Stop after the line that contains "309 West Main". Until then, retype each line of the entries exactly from the first one, skipping pictures.
+---+
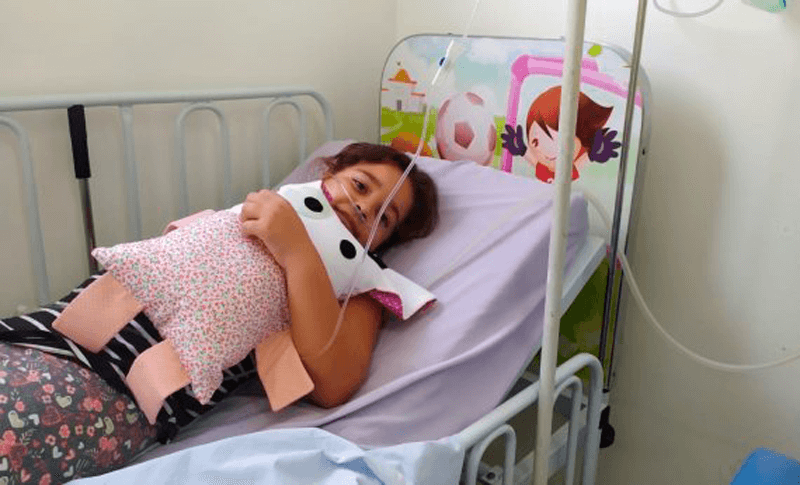 Criança abraçada com naninha em casa hospitalar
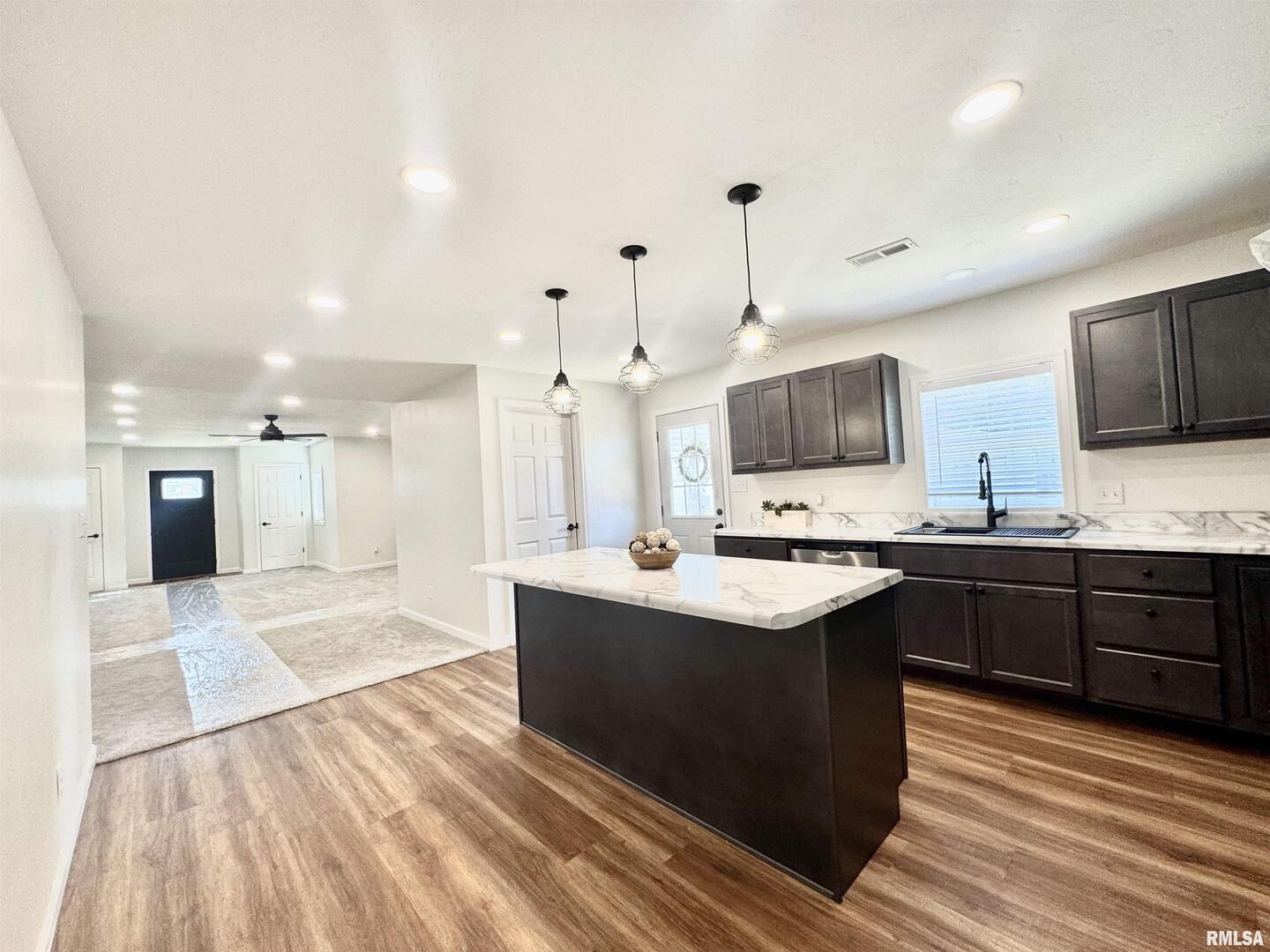 309 West Main Street Ewing, IL 62836 - Photo 11 of 37 a large kitchen with stainless steel appliances kitchen island granite countertop a sink and cabinets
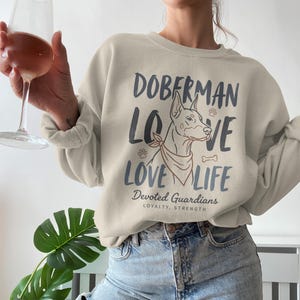 Op de afbeelding: Een beige sweatshirt met de tekst "Doberman Love Life" en een afbeelding van een Dobermann. Het sweatshirt heeft ook de woorden "Devoted Guardians" en "Loyalty, Strength" erop staan.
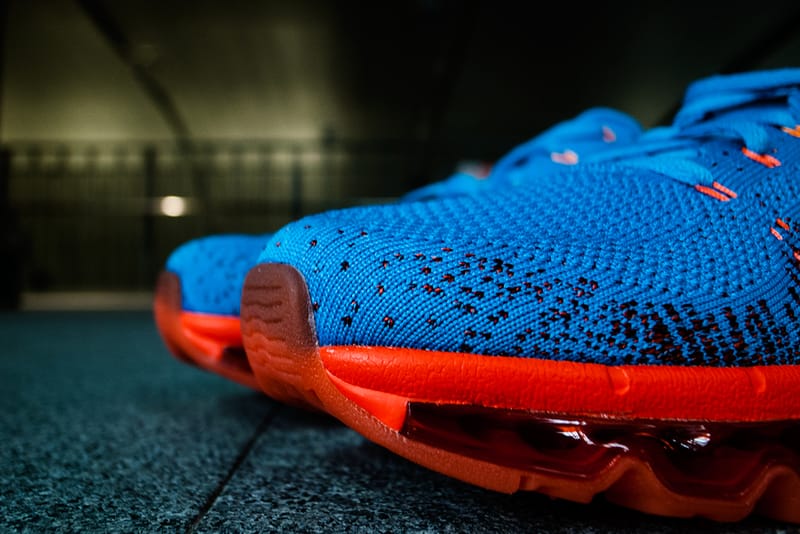 Nike flyknit blue hot sale and orange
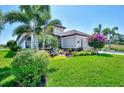 Well-manicured lawn and tropical landscaping surrounding a charming single-story home at 5437 Manchini St, Sarasota, FL 34238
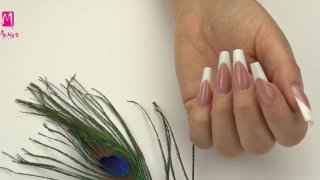 Classic white ballerina-shaped French nail with filed smile line, built with Moyra Fusion acrylgel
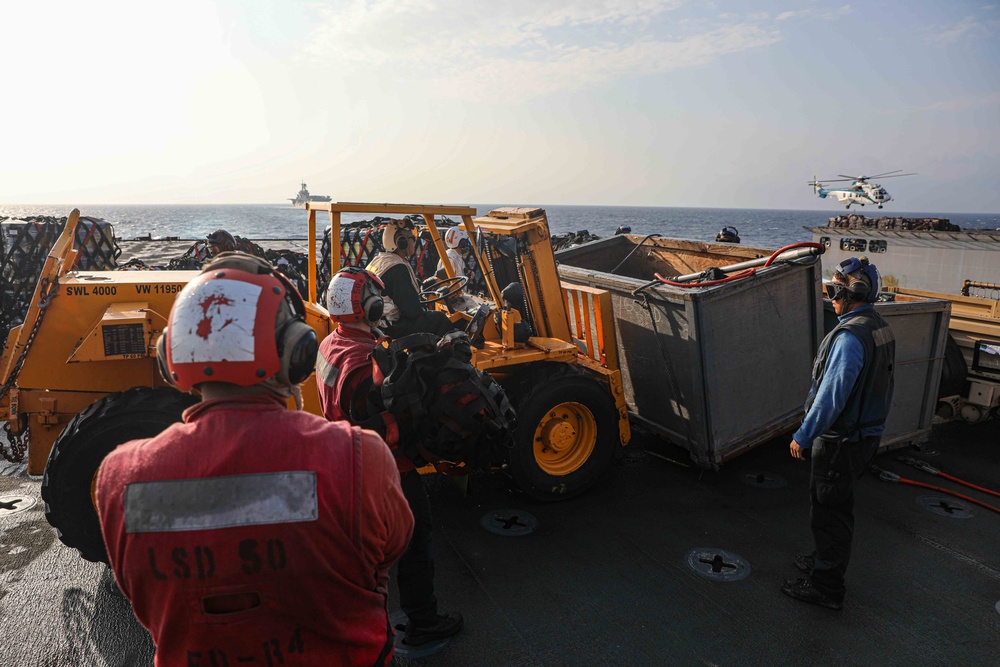 USS Carter Hall (LSD 50) Conducts Vertical Replenishment, Dec. 6, 2023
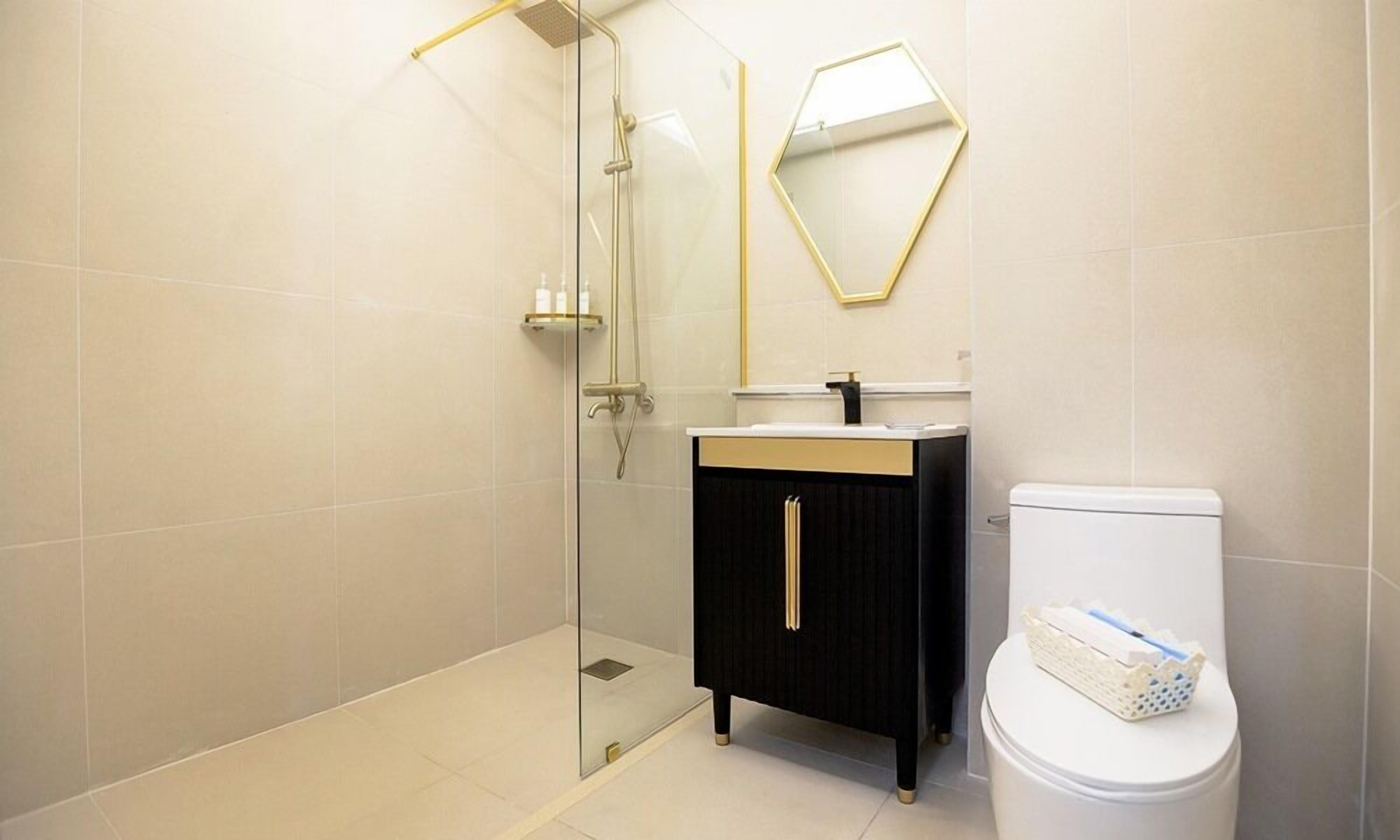 Une salle de bain moderne avec une douche à l’italienne en verre, un meuble-lavabo noir avec des poignées dorées et des toilettes blanches.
+---+
● **Written answer**:
 Criança abraçada com naninha em casa hospitalar
 309 West Main Street Ewing, IL 62836 - Photo 11 of 37 a large kitchen with stainless steel appliances kitchen island granite countertop a sink and cabinets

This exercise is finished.